Sunday, 9 November 2008

Wertzone Classics: Company of Heroes

The number of games set during the Second World War borders on the ridiculous. The number of titles which attempt (usually badly) to recreate D-Day or Operation Market Garden is vast, but the overwhelming majority of them fail to capture either the atmosphere or historical feel of the conflict. First-person shooters like the Call of Duty franchise have proven a lot more successful at depicting the conflict than strategy games, with most WWII strategy games being quite boring (such as the Sudden Strike series, which is so anal your soldiers can actually run out of bullets, which is taking pedantry to a new level).

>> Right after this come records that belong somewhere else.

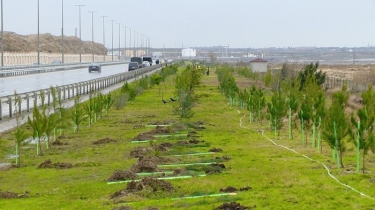 Xırdalanda yolun genişlənməsi məqsədilə ağaclar köçürülüb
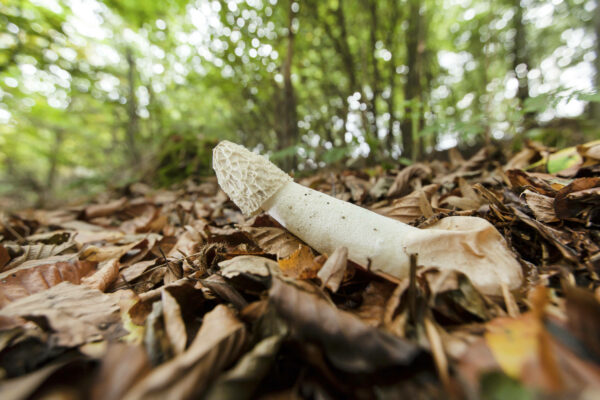 The unmistakable stinkhorn (Phallus impudicus): nature’s cheekiest and smelliest contribution to the forager’s world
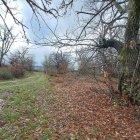 Camino de Páramo a Corbón del Sil donde se buscará a José Francisco Castro, que estaba huido en el monte.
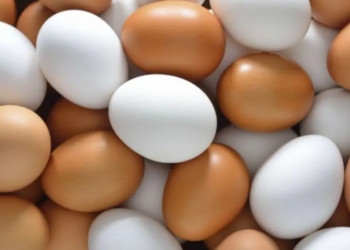 Cuál tiene más valor proteico ¿Huevos blancos o de color?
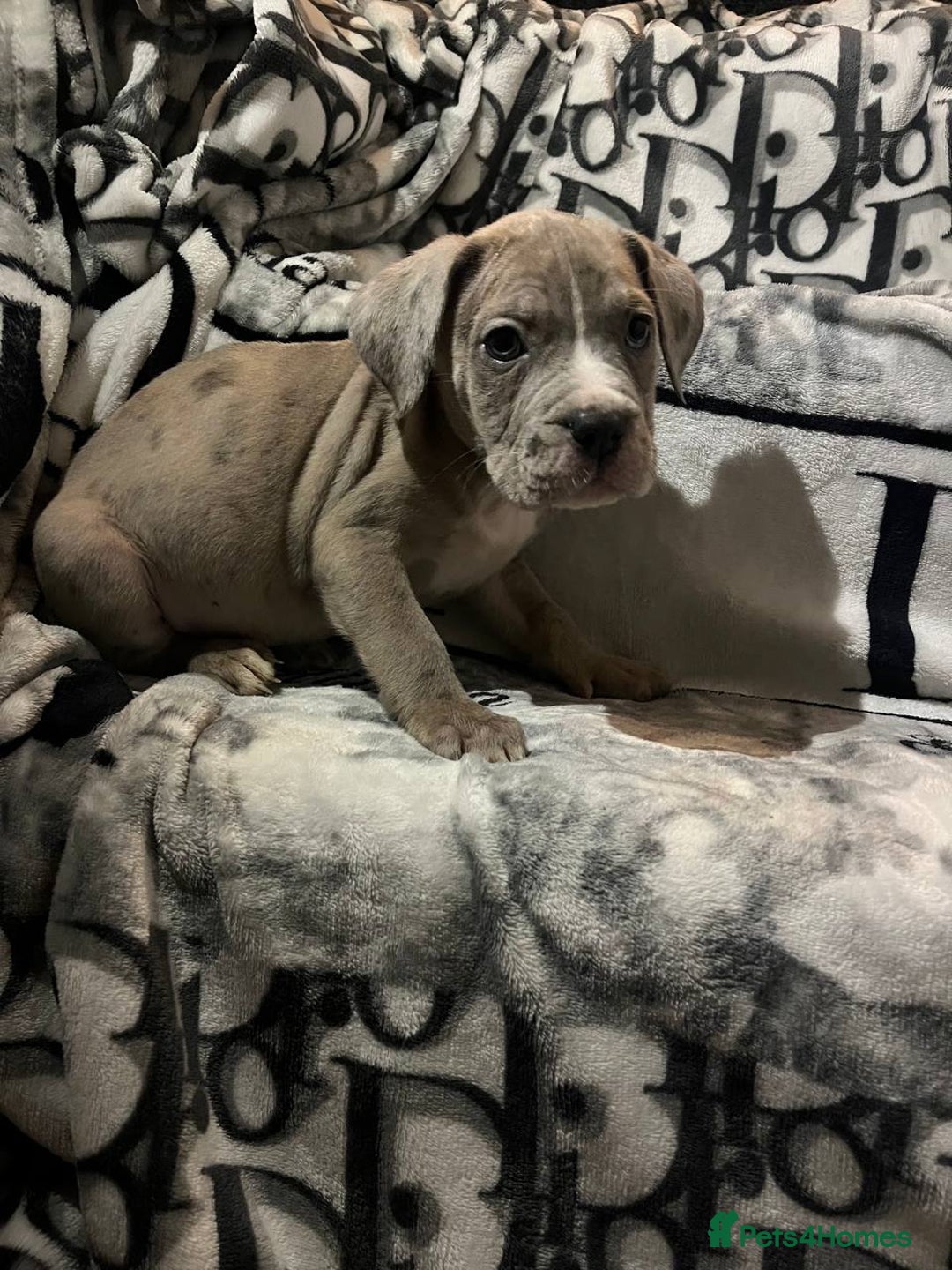 Cane Corso dogs for sale: Stunning puppies  - Image 5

For these reasons, when Company of Heroes was first announced there wasn't a huge amount of excitement about it, especially as the developers, Relic, were responsible for the entertaining-but-lightweight Dawn of War series. When it came out, however, it was an absolute revelation, doing for WWII strategy games what Medal of Honour did for WWII shooters a decade earlier.

Company of Heroes is set purely on the Western Front of the European theatre of WWII, starting on D-Day and proceeding through to the end of Operation Market Garden. The initial game features a single campaign focusing on the US forces and depicts the assault on the beaches, the behind-the-lines movements of special forces which silenced the German's artillery pounding the beaches, the assault on Cherbourg and the battles of St. Lo and Falaise that resulted in the final defeat of German forces on the Cotentin Peninsula. The expansion, Opposing Fronts (which is included with the CoH Gold Edition), features two campaigns. The first centres on the German Panzer Elite as they race to defeat the Allies' assault on Arnhem in Operation Market Garden, and the second (set some months earlier) focuses on the British assault on Caen, a gruelling battle that was supposed to be won in a single day but instead lasted more than a month due to the unexpected presence of elite SS forces in the town. A notable lack in the game is that the fourth side, the 'normal' German Wehrmacht, lacks a single-player campaign, but Relic have surprisingly noticed this and decided to remedy this with a downloadable German campaign, to be released in early 2009, although it will use different mechanics to the rest of the game.

The game is notable for minimising base-building, although it doesn't eliminate it as the Ground Control series did some years earlier. However, resource-gathering has been eliminated in favour of holding territory on the map. This mechanic encourages aggressive play from the start, as he who seizes the most territory in the shortest possible time will find the balance of power swinging in their favour. This leads to an interesting trade-off as players must decide to reinforce earlier in the game with lots of low-level units such as jeeps, mortars and machine gun teams, or instead holding off until more advanced technology such as artillery and tanks becomes available. The variation in these mechanics is what makes the game interesting to play, particularly in the compelling multiplayer modes.

On the single-player front, the game is unfortunately rather cliched. Some of the maps are excellently designed, but the stories are rather traditional WWII stuff featuring good old American boys and stiff-upper-lipped British soldiers facing off against the ruthless-but-with-a-sense-of-honour Germans (as usual for a game, the actual Nazis play no role in events). The storytelling is also weak, as it happens entirely within the cut scenes between missions. The actual characters do not appear in the missions and no storytelling takes place during the missions themselves, which means that after spending an hour on a tough map you've forgotten what is going on in the story, and don't particularly care about what is happening to these cliched characters.

The American and Wehrmacht forces are excellently-designed and balanced against one another, although the higher-level German units (particularly their tanks) are tough to stop once they get rolling. The game engine delivers the chaos of battle particularly well, with massive artillery bombardments, air strikes and ferocious tank duels giving us some of the most convincing WWII action in a game seen to date. However, the newer sides of the British and Panzer Elite are less interesting and, although well-balanced against one another (the British focus on static defence whilst the Panzer Elite are focused on attack) feel a bit off when fighting the established sides. In particular, the American and German ability to lock down and defend territory markers whilst the Brits and Panzer Elite cannot is rather unbalancing.

Where Company of Heroes comes to life is the excellent multiplayer which, after two years, seems to have finally gotten some stable and reliable servers. Cracking a particularly tough co-op skirmish or fighting a challenging battle with human players is tremendously satisfying, and the varied tactics and relatively fast pace of the game make Company of Heroes the most satisfying multiplayer RTS game since the venerable StarCraft.

Company of Heroes (*****) is a compelling and fun game where the single-player experience suffers slightly but the multiplayer and skirmish games more than make up for it. The game is available now in the UK and USA in a 'gold edition' with its expansion, Opposing Fronts, included. A second expansion, Tales of Valour, will be released in the spring of 2009 and Relic are considering a sequel, possibly adding the Russians or being set in North Africa.